Al regresar les habían dejado el local en el suelo. Son Franco ­suizo­ e Inés ­venezolana­.

Están fajados tratando de recuperar su clientela a punta de buena atención y comida suculenta. Tuvieron un tiempo a George en su equipo. El francés que estuvo en Luna. Pero le dio angustia la poca gente en la temporada baja y se fue a Coche a probar suerte en el hotel Brisas del Mar. Antes enseñó a Franco a hacer los ahumados.

Deben probar el palagar y el salmón. Los guacucos al vino son una delicia. Y de postre pidan el semifredo. Ahora reparan la terraza y los toldos. Es un sitio riquísimo.

En playa El Agua la gran novedad es Aguadulce Beach Club, entre Miragua y Agua Dorada. Apostaron al estilo minimalista: toldo acrílico transparente, sillas de plástico blancas afuera, bellas y cómodas, mesas altas y bajas de aluminio, y adentro algo más refinado, pero igualmente abierto al mar porque no hay paredes.
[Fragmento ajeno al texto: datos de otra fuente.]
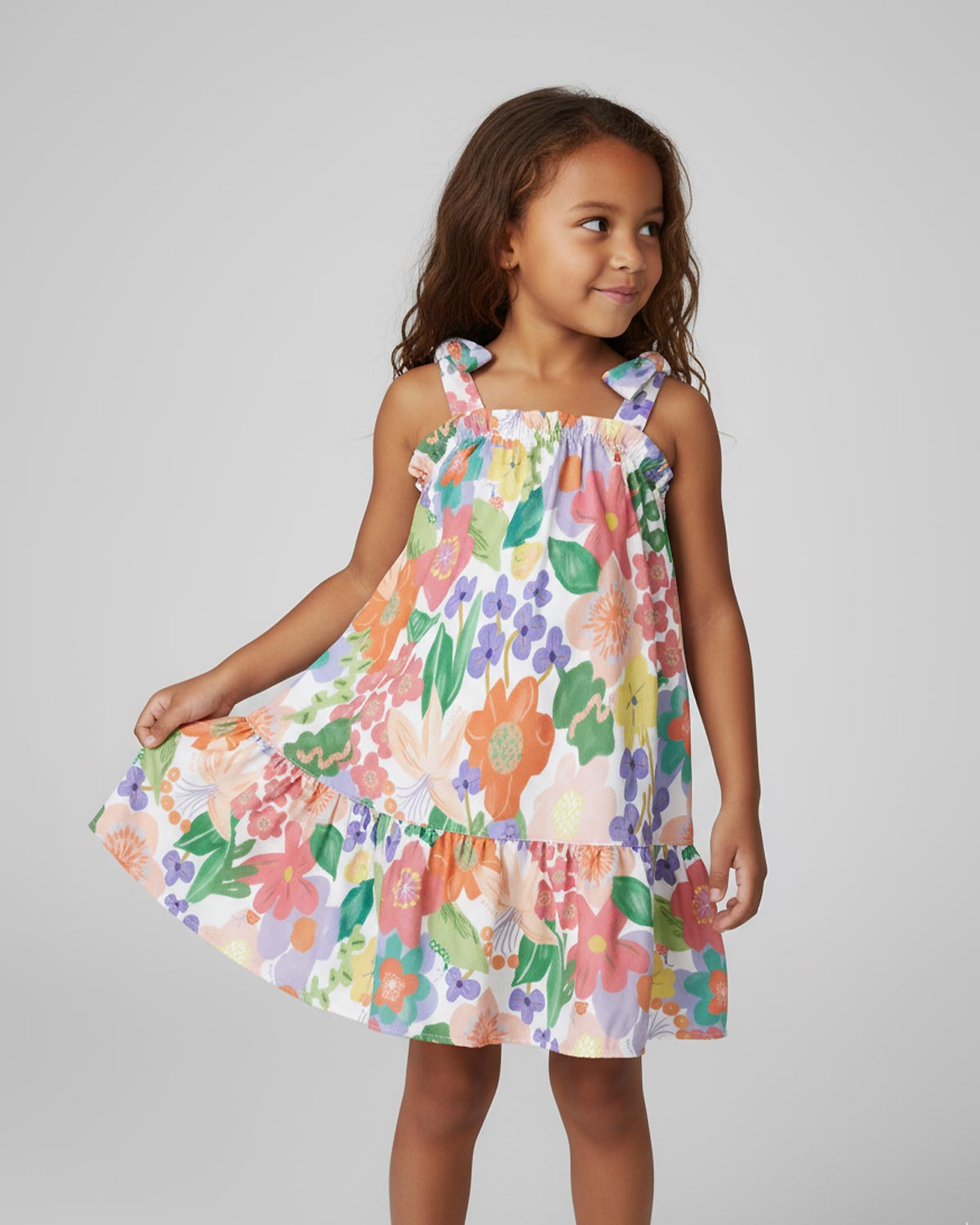Vestido de tiras con moños y con estampado de flores para niña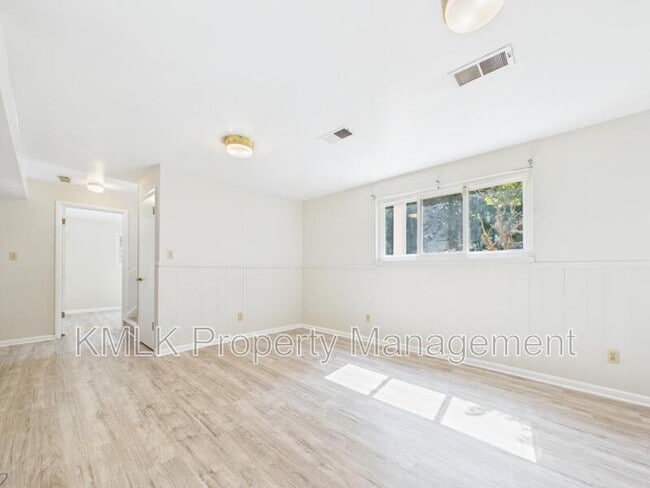 Building Photo - 1323 Hilton Dr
Sólo vidrios. Quieren tomar la noche con música en vivo de jueves a sábado hasta las 10:00 pm. Un menú mediterráneo, fresco, con ingredientes locales y una cocina abierta para que el público vea lo que ocurre en esos fogones. Ese día pasaban un juego de la Eurocopa, la gente fanática y en los intermedios una muchacha cantaba precioso. Ofrecen combos para la playa con cavas, hielo y bebidas por un precio según el contenido. Es tremenda oferta. Toldos nuevos, sillas relajadas y esmerada atención. Supe que el mismo grupo de dueños apuesta fuertemente por Margarita. Compraron una casa para eventos y construyen un hotel grande.
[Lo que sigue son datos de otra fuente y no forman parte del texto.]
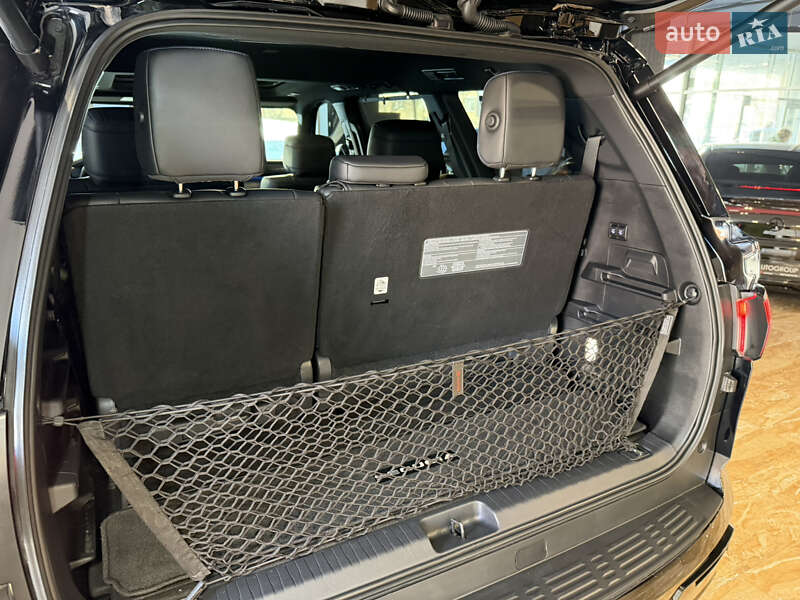Внедорожник / Кроссовер Toyota Sequoia 2024 в Киеве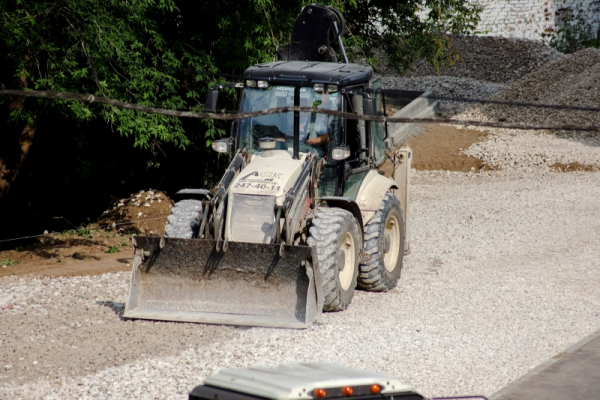 ГУАД расторгло полумиллиардный контракт с &laquo;Нижавтодорстроем&raquo; из-за выбоин на дорогах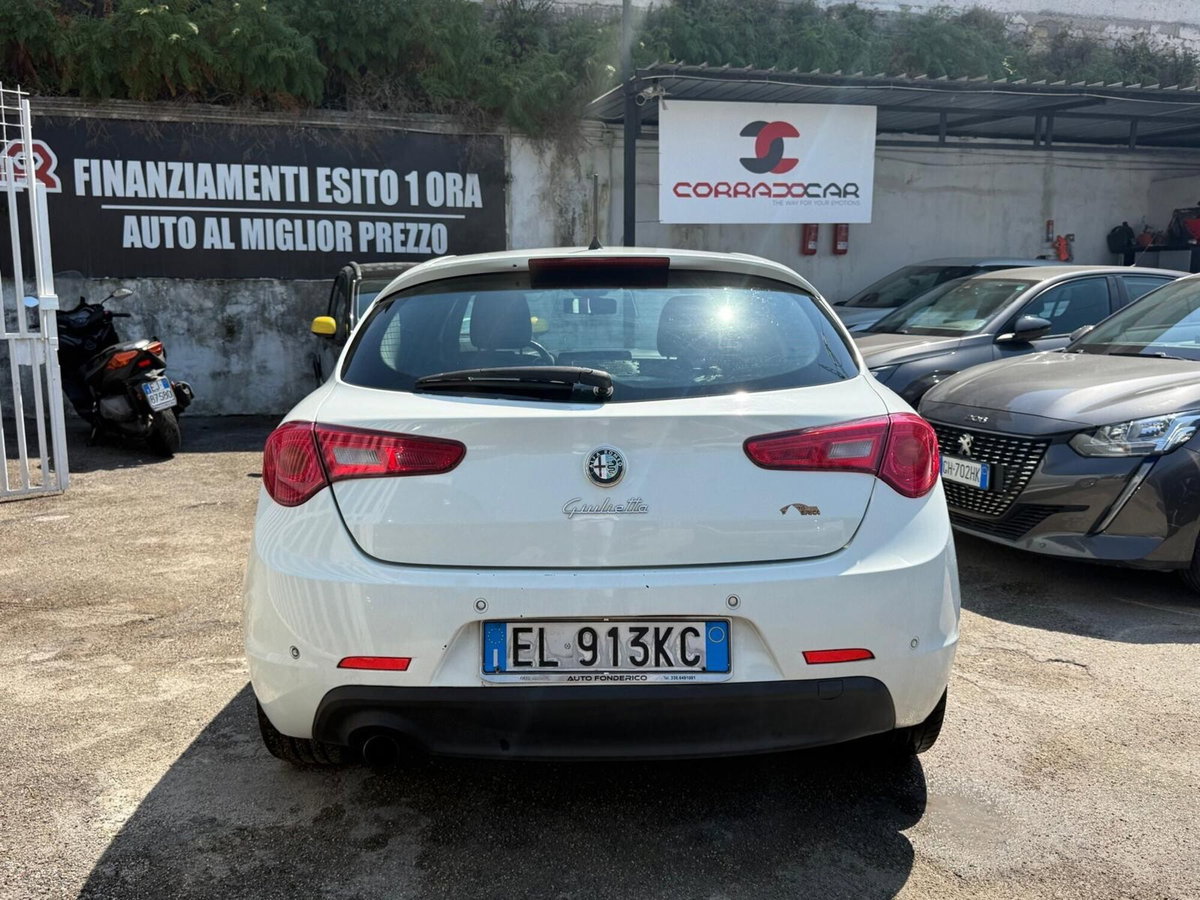 Alfa Romeo Giulietta 1.6 JTDm-2 Exclusive (5)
Son venezolanos que creen en el turismo, saben que vamos a salir adelante y aprovechan los incentivos fiscales.

Más tarde pasamos por Manzanillo. Rosenda no es ni la sombra de lo que fue.

Una lástima. Sigue siendo un espectáculo observar los pescadores en su faena, las redes lanzadas y cientos de pelícanos lanzándose al mar en picada. El agua es helada. En Juan Griego los restaurantes son un desastre. No se parecen a los atardeceres. Limítense a tomar algo. Sigue precioso Pueblos de Margarita en la vía de Taguantar. En un recorrido por La Guardia supimos que están vendiendo cuatro casas y un apartamento, casi todo frente al mar. Me encantan estos maratones margariteños.

En la noche nos acercamos a un nuevo local en Pampatar donde en una época estuvo Míkonos. Después de muchos nombres y cambios ahora se llama Portomare. Sigue inmenso, preciosa la vista, pero me parece que es más para tomar algo. No para comer. Un restaurante con un aire acondicionado hostil. Un auténtico congelador. Tuvimos que rogar comer en la terraza. El servicio lentísimo y un menú básico.

Yo iría al final de la tarde a ver el mar. Si quieren conversar, el volumen de la música se ocupa de impedirlo.